His body is here. His head (skull) sits at the Warren Anatomical Museum in Boston. Phineas Gage is perhaps the most famous neurological patient in modern history, one of the “great medical curiosities of all time” and a “living part of medical folklore.”
Gage and his constant companion, the inscribed tamping iron sometime after 1849, seen in the portrait which “exploded the common image of Gage as a dirty, disheveled misfit.”
Working as a munitions foreman for a railroad company in September, 1848, the young, robust man was the victim of an accident where a premature exposition cause a 3′ 7″ inch long, 1.4″ in diameter tamping rod weighting over 13 pounds to rocket into the left side of Gage’s face in an upward direction just forward of the angle of the lower jaw. Continuing upward outside the upper jaw and the fracturing the cheekbone, it passed behind the left eye, through the left side of the brain, and out the top of skull through the frontal bone.
Like a pioneer macho man, Gage shrugged off the injury, announced he was not “much hurt” and expected to be back at work in a few days. The attending physician, Dr. Harlow, cleaned up the injury, stopped the hemorrhaging, and wrapped the wound. His recovery from his horrific event was one of top medical stories of the era. Doctors around the world exchanged ideas and theories on the details and implications of the accident. For many years, the incident became the standard against which other injuries to the brain were judged. Some refused to believe that anyone could survive such an ordeal and even suggested that the incident was a fabrication.

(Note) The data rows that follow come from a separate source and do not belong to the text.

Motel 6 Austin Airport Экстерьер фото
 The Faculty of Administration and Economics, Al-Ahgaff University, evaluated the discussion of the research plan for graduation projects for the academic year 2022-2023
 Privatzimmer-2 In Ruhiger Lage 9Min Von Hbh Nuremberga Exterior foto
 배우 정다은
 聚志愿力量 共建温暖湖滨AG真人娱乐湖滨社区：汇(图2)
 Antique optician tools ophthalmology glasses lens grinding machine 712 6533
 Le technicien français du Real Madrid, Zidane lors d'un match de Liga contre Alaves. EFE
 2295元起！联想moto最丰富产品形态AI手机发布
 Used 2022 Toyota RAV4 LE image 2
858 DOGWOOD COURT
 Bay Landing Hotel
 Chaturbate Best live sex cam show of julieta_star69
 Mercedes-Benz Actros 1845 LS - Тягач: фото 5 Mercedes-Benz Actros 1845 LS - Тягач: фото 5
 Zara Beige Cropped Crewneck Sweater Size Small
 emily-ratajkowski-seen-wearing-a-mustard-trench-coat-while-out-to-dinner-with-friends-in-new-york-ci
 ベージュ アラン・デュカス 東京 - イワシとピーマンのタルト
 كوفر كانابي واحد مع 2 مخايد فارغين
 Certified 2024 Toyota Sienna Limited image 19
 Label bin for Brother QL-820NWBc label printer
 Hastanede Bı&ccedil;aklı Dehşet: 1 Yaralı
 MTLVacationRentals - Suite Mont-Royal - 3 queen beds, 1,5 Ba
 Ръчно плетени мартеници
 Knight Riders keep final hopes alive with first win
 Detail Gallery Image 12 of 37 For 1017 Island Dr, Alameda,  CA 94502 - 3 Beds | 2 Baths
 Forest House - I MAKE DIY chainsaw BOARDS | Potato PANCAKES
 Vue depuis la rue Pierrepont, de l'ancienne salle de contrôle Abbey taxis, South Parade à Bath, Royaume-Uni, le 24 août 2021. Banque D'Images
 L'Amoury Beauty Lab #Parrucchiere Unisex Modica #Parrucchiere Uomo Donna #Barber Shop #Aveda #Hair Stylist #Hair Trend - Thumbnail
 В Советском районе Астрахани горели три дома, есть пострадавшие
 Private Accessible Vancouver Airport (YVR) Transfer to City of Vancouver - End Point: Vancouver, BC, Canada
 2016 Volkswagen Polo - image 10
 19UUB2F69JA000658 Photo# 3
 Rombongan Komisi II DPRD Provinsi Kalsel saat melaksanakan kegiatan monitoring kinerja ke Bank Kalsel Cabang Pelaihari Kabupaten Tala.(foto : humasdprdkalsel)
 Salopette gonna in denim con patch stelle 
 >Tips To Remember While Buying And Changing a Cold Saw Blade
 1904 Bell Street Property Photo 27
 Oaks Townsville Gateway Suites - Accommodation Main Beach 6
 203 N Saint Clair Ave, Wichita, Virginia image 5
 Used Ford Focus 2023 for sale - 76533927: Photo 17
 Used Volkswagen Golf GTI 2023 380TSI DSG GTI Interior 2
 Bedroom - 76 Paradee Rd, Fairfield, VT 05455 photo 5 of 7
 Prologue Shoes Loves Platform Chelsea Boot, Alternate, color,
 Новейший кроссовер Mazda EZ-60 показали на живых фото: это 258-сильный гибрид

Despite his own optimism, Gage’s convalescence was long, difficult, and uneven, which required further work by Dr. Harlow, but by April 1849, the patient was described in good physical health and basically recovered. Gage had, however, lost vision in his left eye, suffered a large scar on the forehead and a deep depression on the top of his head, “beneath which the pulsations of the brain can be perceived,” Doctor Harlow noted. “…Has no pain in head but says it has a queer feeling which he is not able to describe.”
Phrenologists contended that destruction of the mental “organs” of Veneration and Benevolence caused Gage’s behavioral changes. Harlow may have believed that the Organ of Comparison was damaged as well.
Gage continued to work as a long-distance stagecoach driver, owner of stable and coach service, and a farmer, but suffered from occasional spells of seizures and then epilepsy, dying in 1860, twelve years after his injury. There were many reports that he underwent dramatic and negative personality changes – becoming a boastful, brawling, foul-mouthed, dishonest and useless drifter, unable to hold down a job – but these claims are refuted by others and by Gage’s work history. Dr. Harlow asked for and received his patient’s skull. The body was buried in Laurel Hill Cemetery in San Francisco and became part of some 35,000 remains from there that were removed to Cypress Lawn in 1940. Dr. Harlow also received the tamping rod, which Gage carried with him wherever he went, and when given to Harvard was inscribed:
This is the bar that was shot through the head of Mr Phineas P. Gage at Cavendish, Vermont, Sept 14, 1848. He fully recovered from the injury & deposited this bar in the Museum of the Medical College of Harvard University. Phineas P. Gage Lebanon Grafton Cy N–H Jan 6 1850.